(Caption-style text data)

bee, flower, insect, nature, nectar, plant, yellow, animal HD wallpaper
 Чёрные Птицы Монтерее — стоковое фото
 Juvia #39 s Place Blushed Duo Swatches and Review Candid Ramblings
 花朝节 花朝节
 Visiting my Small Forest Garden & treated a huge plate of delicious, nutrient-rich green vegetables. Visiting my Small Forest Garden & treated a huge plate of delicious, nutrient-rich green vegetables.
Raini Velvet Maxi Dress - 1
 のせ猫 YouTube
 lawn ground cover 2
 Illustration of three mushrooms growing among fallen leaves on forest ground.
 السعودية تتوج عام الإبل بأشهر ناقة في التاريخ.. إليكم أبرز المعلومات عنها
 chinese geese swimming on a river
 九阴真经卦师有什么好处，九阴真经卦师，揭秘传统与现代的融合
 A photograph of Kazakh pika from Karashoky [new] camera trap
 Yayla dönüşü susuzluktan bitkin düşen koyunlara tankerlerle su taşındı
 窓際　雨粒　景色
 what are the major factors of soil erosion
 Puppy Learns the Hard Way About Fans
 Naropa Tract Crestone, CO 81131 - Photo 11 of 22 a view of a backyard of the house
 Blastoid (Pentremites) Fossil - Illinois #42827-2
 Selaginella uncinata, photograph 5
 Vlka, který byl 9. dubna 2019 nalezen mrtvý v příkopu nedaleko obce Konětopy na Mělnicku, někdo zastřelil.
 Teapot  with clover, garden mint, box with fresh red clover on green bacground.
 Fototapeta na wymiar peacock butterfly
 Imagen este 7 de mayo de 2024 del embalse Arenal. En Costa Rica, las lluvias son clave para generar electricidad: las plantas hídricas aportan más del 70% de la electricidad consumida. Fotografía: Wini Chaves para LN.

● **Prompt**
Scan the data above and copy every line with "green" in it.

● **Written solution**
 Visiting my Small Forest Garden & treated a huge plate of delicious, nutrient-rich green vegetables. Visiting my Small Forest Garden & treated a huge plate of delicious, nutrient-rich green vegetables.
 Teapot  with clover, garden mint, box with fresh red clover on green bacground.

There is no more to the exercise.